COME E PERCHE’, IL TRACOLLO DELLA SERENISSIMA REPUBBLICA di VENEZIA nel 1797.

4 Risposte

  1. Marco D'Aviano ha detto:

    ANALISI LUCIDA, PRECISA, DOCUMENTATA, CORAGGIOSA E CONTROCORRENTE. CONSIGLIATISSIMA ED EFFICACE PER COLORO CHE DEVONO ANCORA APRIRE GLI OCCHI SU QUESTI TRAGICI EVENTI CHE SEGNARONO LA STORIA DEI VENETI. WSM!

  2. Edoardo ha detto:

    Una sola cosa può essere criticata in questa lucida analisi: sostenere che il giacobinsimo sia il precursore dele costituzioni liberali è travisare in parte tutto il processo rivoluzionario. C’è un modo semplice per spiegare bene la faccenda, ovvero facendo riferimento alle diverse anime liberali del risorgimento italiano. Difatti prima della spedizione dei mille e della scesa in campo (subdolamente non dichiarata) del Piemonte, si era già sviluppato un dibattito sull’Unità d’Italia in cui si sarebbe voluta tentare la strada della confederazione o della federazione. Negli ambienti culturali italiani personaggi come Rosmini proponevano un costituzionalismo di nuovo genere che tenesse conto, per farla breve, delle tradizione e delle diversità. Ciò era in pieno contrasto con l’approccio che invece poi vinse: quello dell’uniformità, della codificazione, della superiorità della legge sul diritto naturale. E quest’ultimo è proprio il vero erede e frutto del giacobinsimo: un giuspositivismo con il culto dello stato che poco ha a che fare con il liberalismo alla Locke, alla Rosmini o alla Hayek. L’errore probabilmente deriva dal fatto che la costituzione italiana, come quella francese, vengono comunemente considerate liberali quando molto più forti in esse sono le influenze giuspositivismo e quindi giacobini. Senza scordare che giacobinsimo e socialismo differiscono di molto poco.

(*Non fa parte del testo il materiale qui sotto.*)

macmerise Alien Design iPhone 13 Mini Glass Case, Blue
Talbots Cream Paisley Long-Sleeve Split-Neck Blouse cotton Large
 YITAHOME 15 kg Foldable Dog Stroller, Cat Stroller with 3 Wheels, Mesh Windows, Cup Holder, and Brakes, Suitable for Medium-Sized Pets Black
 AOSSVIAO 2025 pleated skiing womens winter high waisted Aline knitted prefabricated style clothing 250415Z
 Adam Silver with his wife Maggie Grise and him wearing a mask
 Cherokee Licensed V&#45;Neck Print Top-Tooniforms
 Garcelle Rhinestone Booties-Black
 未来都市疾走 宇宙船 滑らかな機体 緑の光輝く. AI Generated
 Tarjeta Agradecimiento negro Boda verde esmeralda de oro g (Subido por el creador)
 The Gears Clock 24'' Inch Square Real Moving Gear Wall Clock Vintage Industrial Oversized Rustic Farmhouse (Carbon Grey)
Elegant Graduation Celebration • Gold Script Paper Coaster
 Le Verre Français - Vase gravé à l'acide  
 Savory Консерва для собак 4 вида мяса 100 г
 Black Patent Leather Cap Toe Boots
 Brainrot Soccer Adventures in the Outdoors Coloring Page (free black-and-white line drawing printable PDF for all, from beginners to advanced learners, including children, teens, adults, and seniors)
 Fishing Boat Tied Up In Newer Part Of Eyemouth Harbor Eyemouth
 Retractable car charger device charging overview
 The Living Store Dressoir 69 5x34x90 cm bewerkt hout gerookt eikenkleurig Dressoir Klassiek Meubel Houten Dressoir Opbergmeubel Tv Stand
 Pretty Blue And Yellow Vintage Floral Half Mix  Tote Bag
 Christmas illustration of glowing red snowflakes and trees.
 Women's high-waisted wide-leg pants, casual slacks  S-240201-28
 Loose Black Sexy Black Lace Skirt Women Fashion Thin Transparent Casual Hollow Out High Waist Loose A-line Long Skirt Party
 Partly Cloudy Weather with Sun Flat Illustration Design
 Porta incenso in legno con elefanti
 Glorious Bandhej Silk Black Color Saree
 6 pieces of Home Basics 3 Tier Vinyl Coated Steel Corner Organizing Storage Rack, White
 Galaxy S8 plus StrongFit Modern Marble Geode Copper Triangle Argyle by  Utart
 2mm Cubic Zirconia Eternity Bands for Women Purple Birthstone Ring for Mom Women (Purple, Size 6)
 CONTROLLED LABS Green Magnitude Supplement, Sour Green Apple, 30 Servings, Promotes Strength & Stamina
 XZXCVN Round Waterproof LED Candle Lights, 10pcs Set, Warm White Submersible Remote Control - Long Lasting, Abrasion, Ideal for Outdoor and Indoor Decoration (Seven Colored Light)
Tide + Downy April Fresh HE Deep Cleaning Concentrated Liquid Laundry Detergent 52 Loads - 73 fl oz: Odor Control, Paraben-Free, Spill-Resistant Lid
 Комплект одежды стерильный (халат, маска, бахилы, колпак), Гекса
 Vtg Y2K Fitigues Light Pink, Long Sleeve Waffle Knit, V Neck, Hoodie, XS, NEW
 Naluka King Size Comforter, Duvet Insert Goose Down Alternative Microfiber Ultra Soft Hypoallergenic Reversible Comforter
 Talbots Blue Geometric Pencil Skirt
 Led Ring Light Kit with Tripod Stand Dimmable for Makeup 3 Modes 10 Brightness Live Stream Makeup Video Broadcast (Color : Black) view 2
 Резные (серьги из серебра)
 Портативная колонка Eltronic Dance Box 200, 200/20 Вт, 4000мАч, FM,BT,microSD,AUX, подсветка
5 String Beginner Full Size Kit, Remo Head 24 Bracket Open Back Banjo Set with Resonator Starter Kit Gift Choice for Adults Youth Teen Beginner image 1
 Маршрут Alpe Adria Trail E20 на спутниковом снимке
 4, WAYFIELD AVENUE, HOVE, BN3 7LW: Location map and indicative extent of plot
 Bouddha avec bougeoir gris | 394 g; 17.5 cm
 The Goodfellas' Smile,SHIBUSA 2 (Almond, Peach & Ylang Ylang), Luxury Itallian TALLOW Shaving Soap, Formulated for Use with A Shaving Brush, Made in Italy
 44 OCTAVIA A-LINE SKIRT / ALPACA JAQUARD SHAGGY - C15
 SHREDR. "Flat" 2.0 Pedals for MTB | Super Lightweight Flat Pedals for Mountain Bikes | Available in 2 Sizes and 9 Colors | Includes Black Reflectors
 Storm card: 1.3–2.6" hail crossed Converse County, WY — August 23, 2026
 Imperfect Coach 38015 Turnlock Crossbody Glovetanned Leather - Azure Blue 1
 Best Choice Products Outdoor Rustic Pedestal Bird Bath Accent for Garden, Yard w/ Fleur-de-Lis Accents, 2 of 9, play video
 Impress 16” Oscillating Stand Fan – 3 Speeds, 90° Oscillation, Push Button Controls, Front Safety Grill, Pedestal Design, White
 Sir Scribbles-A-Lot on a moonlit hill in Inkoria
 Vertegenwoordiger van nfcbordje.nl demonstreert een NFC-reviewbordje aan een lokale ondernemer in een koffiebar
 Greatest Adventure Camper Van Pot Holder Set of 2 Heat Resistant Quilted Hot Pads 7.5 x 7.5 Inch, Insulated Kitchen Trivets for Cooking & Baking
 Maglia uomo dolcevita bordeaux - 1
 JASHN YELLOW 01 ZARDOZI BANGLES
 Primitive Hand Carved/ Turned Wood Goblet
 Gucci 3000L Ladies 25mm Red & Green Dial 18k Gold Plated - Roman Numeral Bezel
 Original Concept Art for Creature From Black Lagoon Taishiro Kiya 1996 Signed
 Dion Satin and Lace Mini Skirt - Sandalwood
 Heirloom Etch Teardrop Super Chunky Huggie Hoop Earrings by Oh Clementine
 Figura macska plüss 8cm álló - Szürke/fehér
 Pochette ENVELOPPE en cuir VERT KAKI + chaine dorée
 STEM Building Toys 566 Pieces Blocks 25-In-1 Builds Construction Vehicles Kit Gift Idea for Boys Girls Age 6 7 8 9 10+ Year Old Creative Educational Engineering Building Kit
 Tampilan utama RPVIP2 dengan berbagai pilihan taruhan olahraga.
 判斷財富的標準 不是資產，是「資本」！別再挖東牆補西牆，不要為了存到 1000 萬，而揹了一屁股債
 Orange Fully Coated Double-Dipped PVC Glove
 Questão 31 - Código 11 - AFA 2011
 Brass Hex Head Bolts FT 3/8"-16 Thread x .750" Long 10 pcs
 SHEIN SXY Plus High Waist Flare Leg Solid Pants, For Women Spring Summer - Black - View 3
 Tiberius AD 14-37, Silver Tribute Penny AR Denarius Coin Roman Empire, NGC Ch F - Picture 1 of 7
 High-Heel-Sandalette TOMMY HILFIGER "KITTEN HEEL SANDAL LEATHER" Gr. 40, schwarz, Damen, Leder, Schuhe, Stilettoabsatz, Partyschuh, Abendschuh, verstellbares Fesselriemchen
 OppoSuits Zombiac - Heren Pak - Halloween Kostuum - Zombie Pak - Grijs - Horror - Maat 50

  3. Ugo Comparin ha detto:

    Mah……..Mi verrebbe da dire che se Napoleone è arrivato a Vienna che aveva un’impero con un signor esercito, cosa poteva fare la Serenissima che , in confronto, era una miseria…….Forse sbaglierò, ma se si fosse comportati diversamente, quando l’astro del Corso era ormai allo spegnimento, si avrebbe potuto sperare di aver un pò di voce al congresso di Vienna…….Sbaglio o la Serenissima è stata l’unica nazione che non sopravvisse all’ondata napoleonica ?

  4. Solda' ha detto:

    Combattere, pur perdendo, ma combattere strenuamente, ci avrebbe forse dato voce al Congresso di Vienna. O scoraggiato l’infame nano corso che di fatto conquistava su opportunità come un avvoltoio ma scansava imprese troppo ardue vedi San Marino.
    Personalmente non perdonero’ mai i veneti di allora per non aver combattuto.